(DATA FOR ANALYSIS Opens)

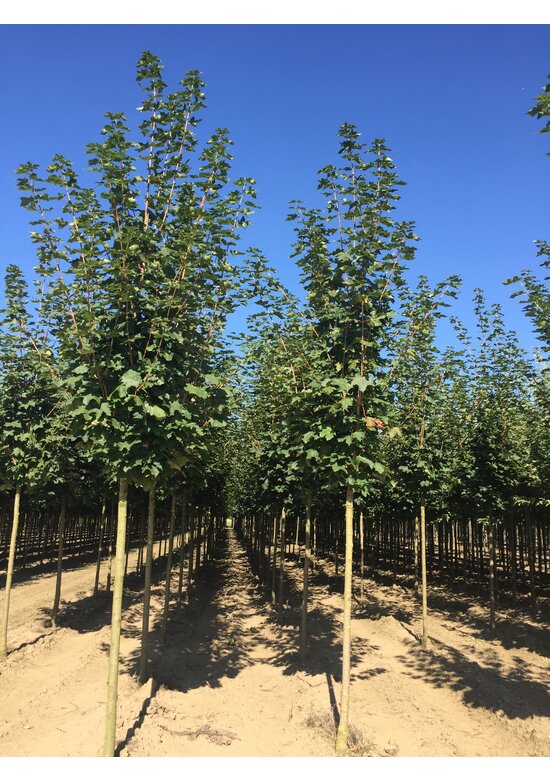 Spitzahorn | Acer platanoides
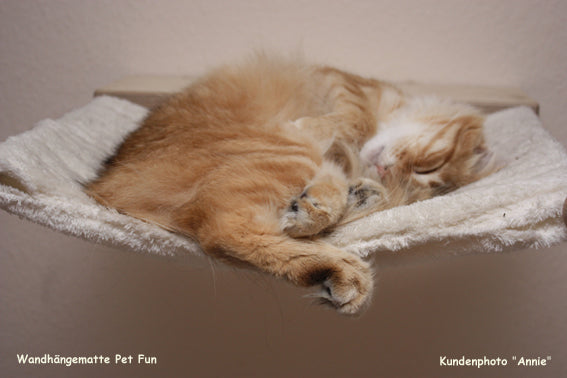 The PetFun wall-mounted cat hammock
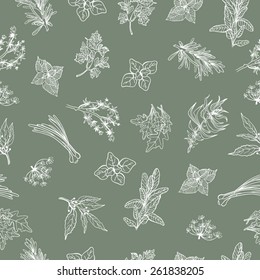 Vector fresh herbs pattern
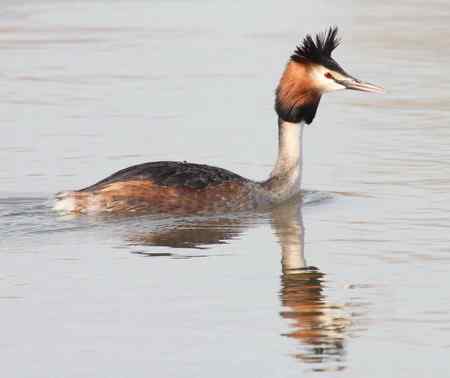太阳岛的鸟  凤头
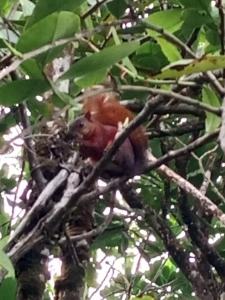 Animales en el hotel cápsula o alrededores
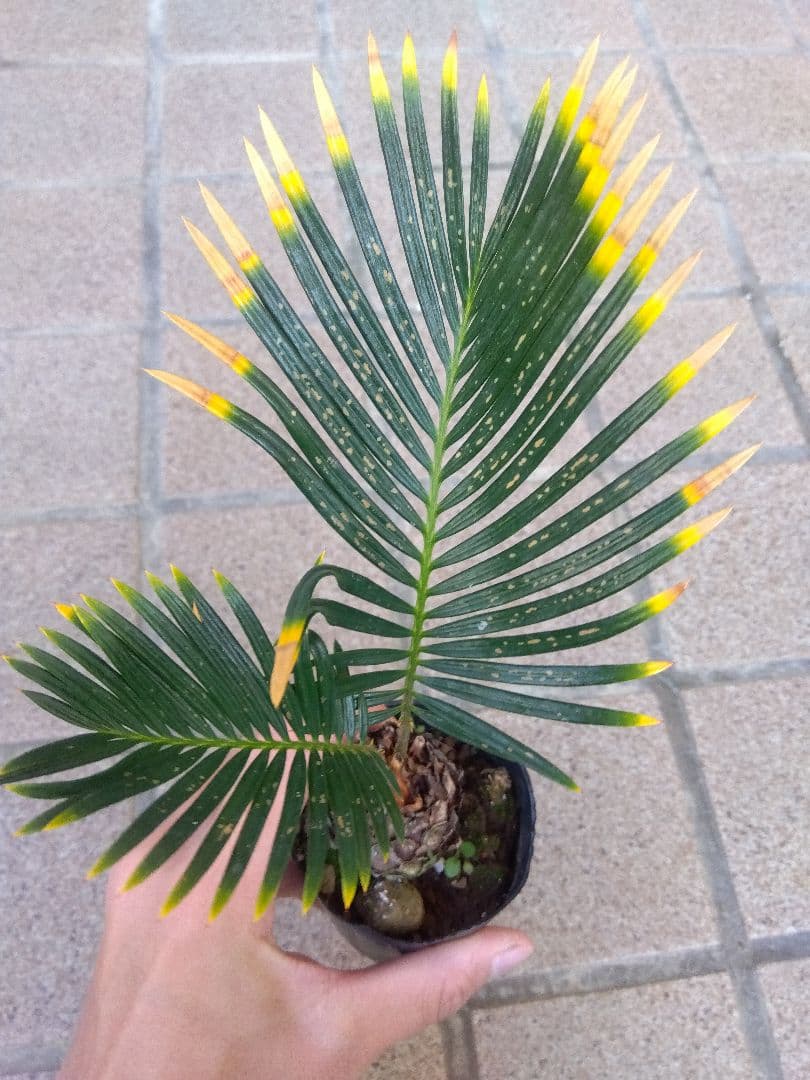 金環ソテツ　2.5号ポットつき　2株セット❗　い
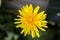 A single Dandelion in closeup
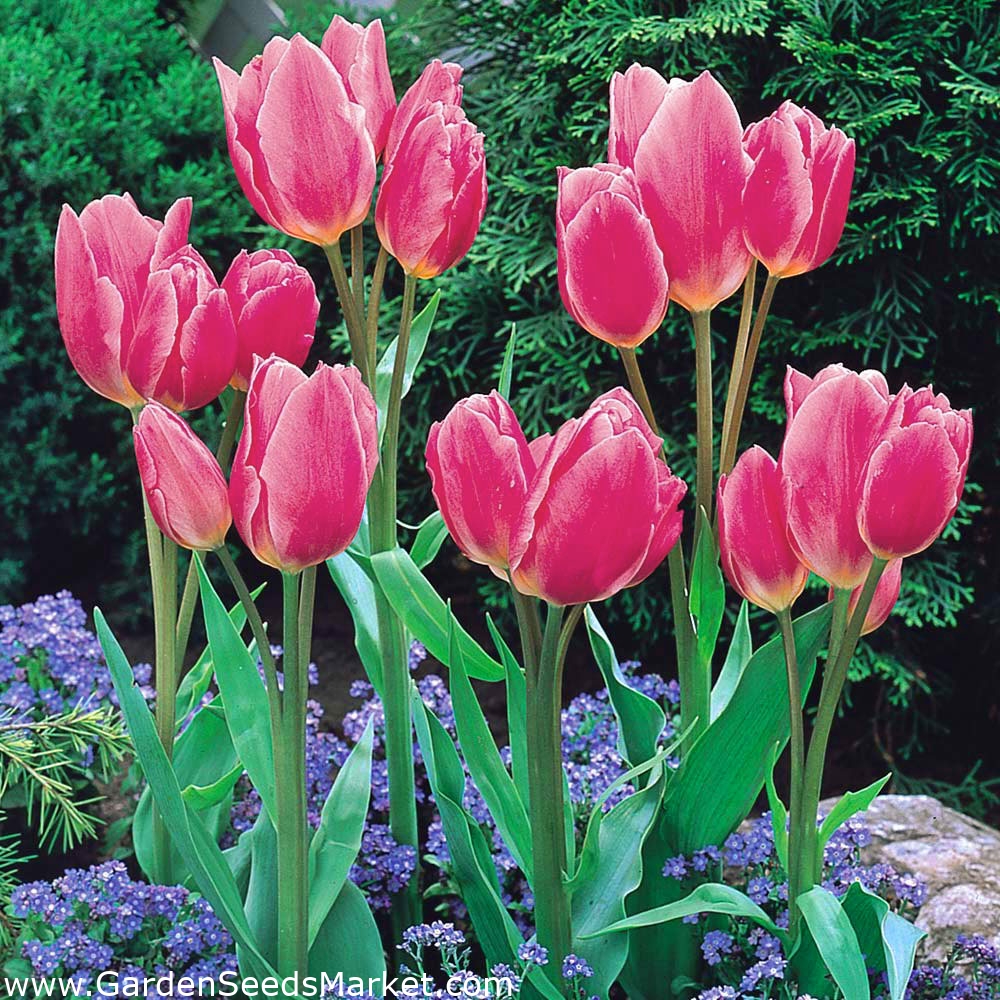 Тюльпан вайс берлинер. Тюльпан коттон кэнди. Тюльпан антуанетта многоцветковый. Тюльпан многоцветковый кэнди клаб. Тюльпан кэнди клаб.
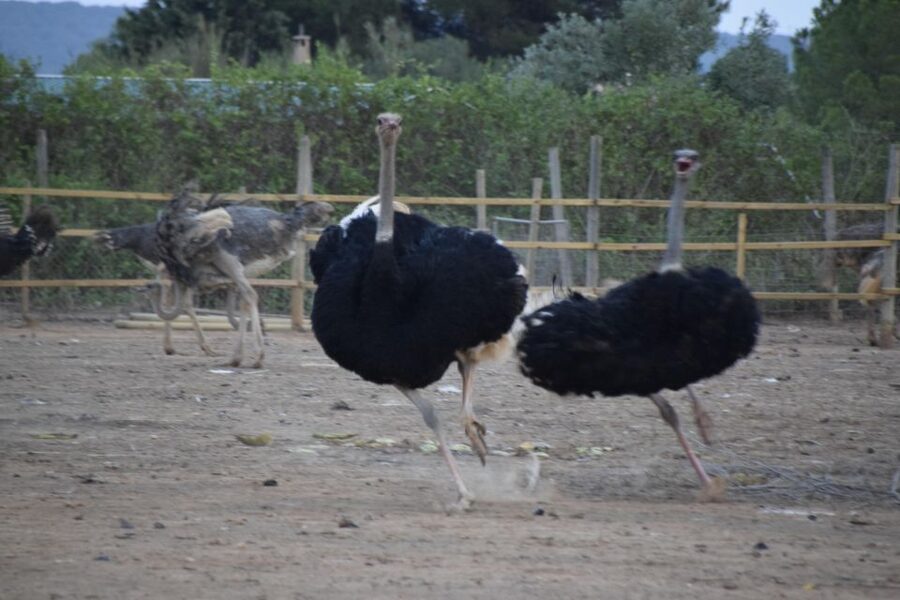 Mallorca: Artestruz - Ostrich Farm Ticket Entrance - Meeting Mallorca’s enormous birds
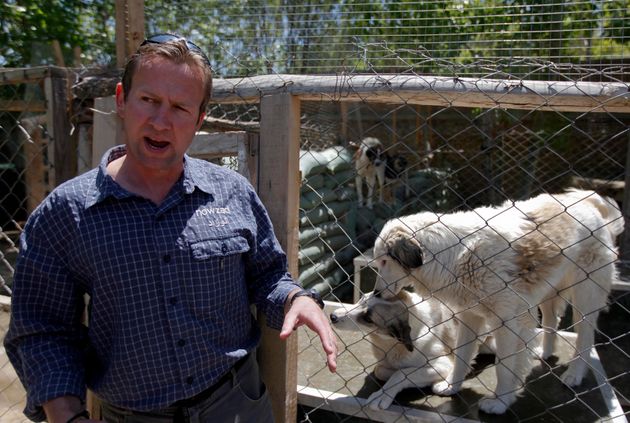 Evacuan 200 perros y gatos de Afganistán mientras cuidadores de este refugio animalista son abandonados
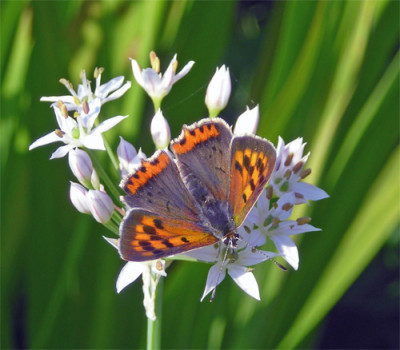 schmetterling_auf_lauch_01.jpg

(DATA FOR ANALYSIS Closes)

WHAT YOU HAVE TO DO: Print the stretch of the data from the line with "The PetFun wall-mounted cat hammock" through its last line, exactly and with both ends kept. Omit pictures.

EXERCISE ANSWER:
 The PetFun wall-mounted cat hammock
 Vector fresh herbs pattern
太阳岛的鸟  凤头
 Animales en el hotel cápsula o alrededores
 金環ソテツ　2.5号ポットつき　2株セット❗　い
 A single Dandelion in closeup
 Тюльпан вайс берлинер. Тюльпан коттон кэнди. Тюльпан антуанетта многоцветковый. Тюльпан многоцветковый кэнди клаб. Тюльпан кэнди клаб.
 Mallorca: Artestruz - Ostrich Farm Ticket Entrance - Meeting Mallorca’s enormous birds
 Evacuan 200 perros y gatos de Afganistán mientras cuidadores de este refugio animalista son abandonados
 schmetterling_auf_lauch_01.jpg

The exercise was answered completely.